117    The absence of any further express reference in the Reasons to the Draft Recovery Plan and the advice to the Minister that he need not consider the Draft Recovery Plan (as referred to in the final Recommendation Report) raises the question whether the Minister in fact paid any regard to the Draft Recovery Plan. What is clear is that the Draft Recovery Plan was part of the material presented to the Minister, and the Minister acknowledged that such plan was relevant to his ultimate decision.

118    The Minister was required to consider ‘matters relevant’ under s 136(1)(a) of the EPBC Act. Based upon the above evidence and the numerous and detailed conditions which the Minister formulated to protect the GHFF, the inference can be drawn that the Minister did consider the criticality of the Palm Grove habitat to the GHFF.

119    Further, the extensive requirements for monitoring the GHFF colony post-dispersal demonstrate that the Minister was fully aware of the potential adverse impacts upon the GHFF, and illustrates his concerted effort to minimise such impacts.

120    The fact that the Draft Recovery Plan was not expressly referred to in the Reasons, other than by inclusion in the list of documents upon which the Minister based his decision, does not satisfy the Court that the Minister did not pay regard to the loss of the existing critical habitat of the GHFF in the Gardens: see Blue Wedges Inc at [123] as reproduced in paragraph [96] above.

121    The inference can also be drawn that the Minister did give adequate consideration to the Draft Recovery Plan since the loss of the Gardens as a roosting site was specifically referred to in the Recommendation Report.

122    The Draft Recovery Plan did not constitute a ‘Recovery Plan’ as referred to in s 139(1)(b) of the EPBC Act, since it remained purely a draft. Accordingly, the constraint imposed by s 139(1) did not apply. Nevertheless, the Minister was entitled to have regard to the Draft Recovery Plan pursuant to s 136(1) as a matter relevant to his consideration. Such consideration was not prohibited by s 136(5) of the EPBC Act.

123    The Minister concluded that the proposed action should be attempted if the GHFF could be acceptably and safely dispersed in order to prevent ongoing damage being occasioned to the internationally significant trees within the Gardens.

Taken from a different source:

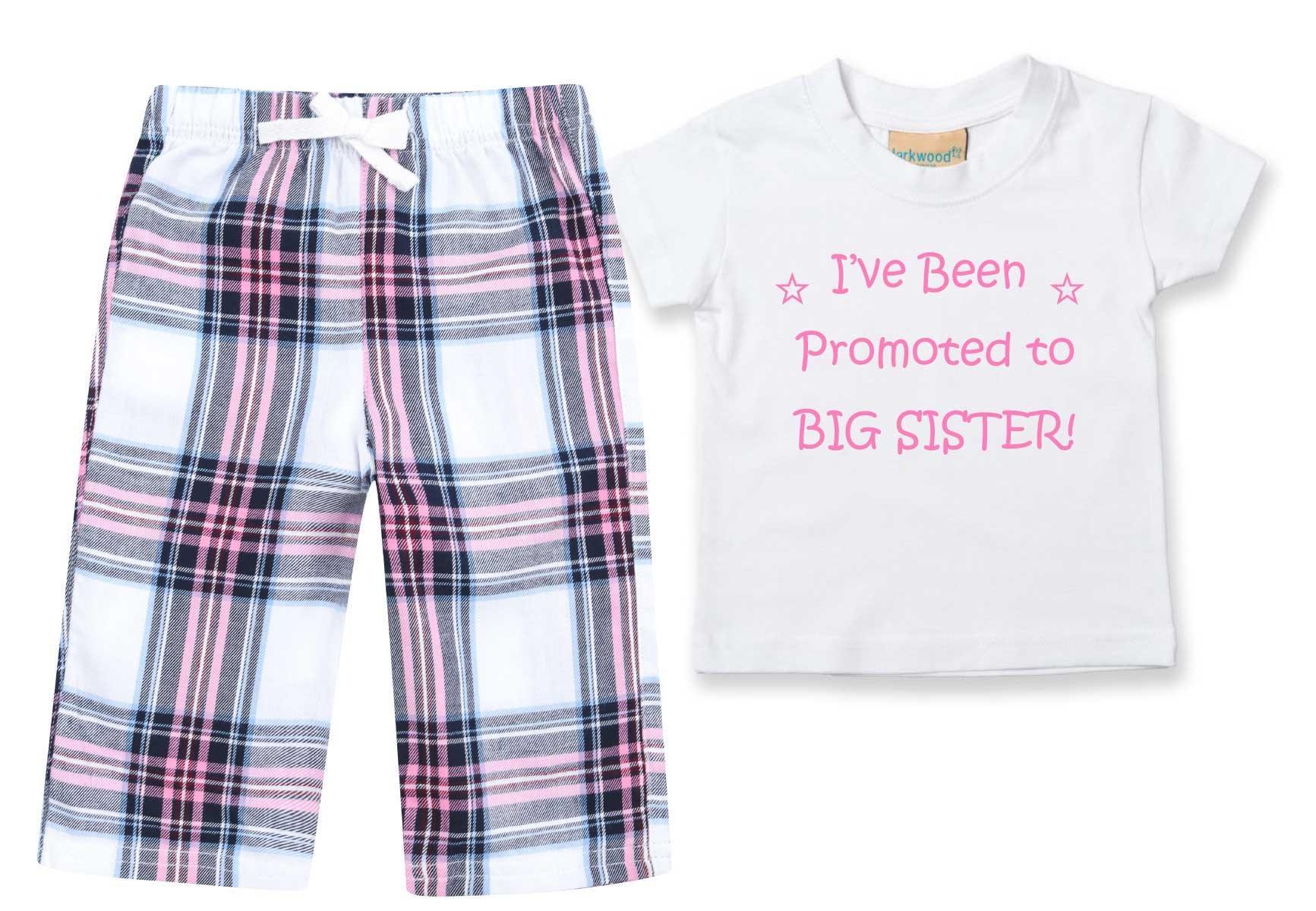 I've Been Promoted To Big Sister Pyjamas Children Tartan Trouser Bottoms Pyjama Set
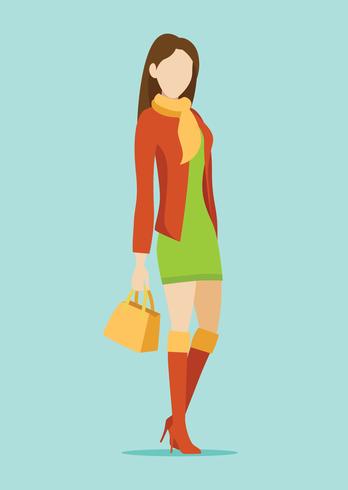 Model in Winter Outdoors vector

124    In view of the above findings, the Court rejects the submission that the Minister failed to consider the loss of the GHFF habitat in the Gardens and the draft Recovery Plan in making his decision.

GROUND 2: FAILURE TO CONSIDER CONFLICT WITH HUMANS AND OTHER SOCIAL CONFLICTS

Applicant’s Submissions

125    The applicant submits that the Minister failed to take into account a relevant consideration, namely the social matters and the associated community conflicts resulting from the dispersal of the GHFF to areas outside the Gardens. The applicant refers to the provisions of s 136(1)(b) of the EPBC Act which requires the Minister when making a decision to consider ‘economic and social matters’.

126    The applicant submits that the conflict between humans and the GHFF is an ongoing and increasing problem; that the dispersal is likely to create a situation of conflict with the human community and to exacerbate ongoing community conflicts at existing NSW GHFF camps at Ku-ring-gai, Kareela and Oakley. The applicant acknowledges that the Minister has considered the social matters in terms of the impact of the GHFF on the Gardens and the social benefits of the relocation to the Gardens’ collection of plants and upon tourism, but claims that the Minister has not considered the negative conflicts that will occur upon relocation of the GHFF. The applicant also submits that the Minister has not considered the communities which currently experience conflict as a result of GHFF camps.

127    The applicant submits that since redispersal from undesirable sites can only be undertaken between 1 May and 31 July in any given year, social conflicts may remain unresolved for a significant period of time should the GHFF relocate to an unsustainable location. It is submitted that such conflicts might result in unregulated and illegal action taking place during the birthing, raising and mating and would pose an ongoing threat to the GHFF.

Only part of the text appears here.